Pourquoi ce jeune aristocrate, acquis aux idées nouvelles (qui pourtant devaient l'amener à sa perte, comme nombre de ses semblables), souhaita-t-il rencontrer Buffon, alors âgé de 78 ans qui
vivait en partie retiré sur ses terres bourguignonnes, dans la ville de Montbard ?
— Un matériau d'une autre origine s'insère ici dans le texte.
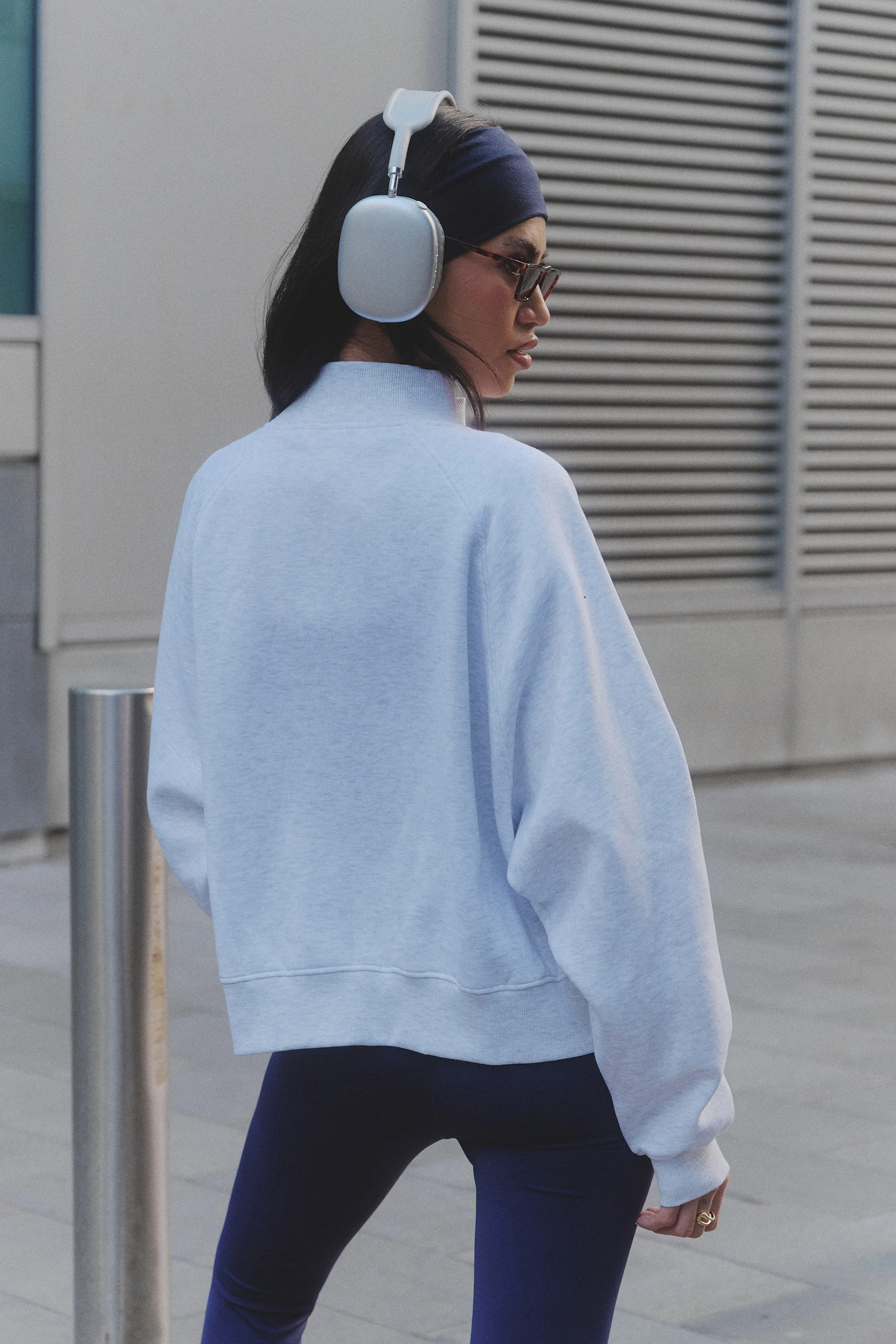 Kaiia Logo Zip Through Sweatshirt Light Grey Marl - Image 6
Pourquoi éprouva-t-il aussi ce besoin de le "raconter" par le menu, dans son quotidien, dans son intimité, dans son génie comme
dans ses petites turpitudes... ?
La réponse nous est donnée dans l'excellente préface de ce petit opuscule paru aux éditions le
Promeneur.
" Parce que, alors que la France vit les dernières années de
l'Ancien Régime, que les courtisans de Versailles savourent les derniers instants de cette " douceur de vivre" dont Talleyrand se souviendra avec nostalgie, beaucoup ont le sentiment de se
trouver à la fin d'une époque.
Alors que les grands esprits qui ont fait la gloire des Lumières ont presque tous disparu - Voltaire et
Rousseau sont morts en 1778, Montesquieu n'est plus depuis trente ans, et Diderot vient juste de s'éteindre -, seul vit encore Buffon, que les contemporains de l'époque s'accordent à
considérer comme l'un des plus grands esprits de son siècle et que la vigueur athlétique, qui faisait déjà l'admiration de Voltaire, a porté jusqu'à la veille de la Révolution. Cet homme de
78 ans représente une sorte de monument vivant des Lumières finissantes. "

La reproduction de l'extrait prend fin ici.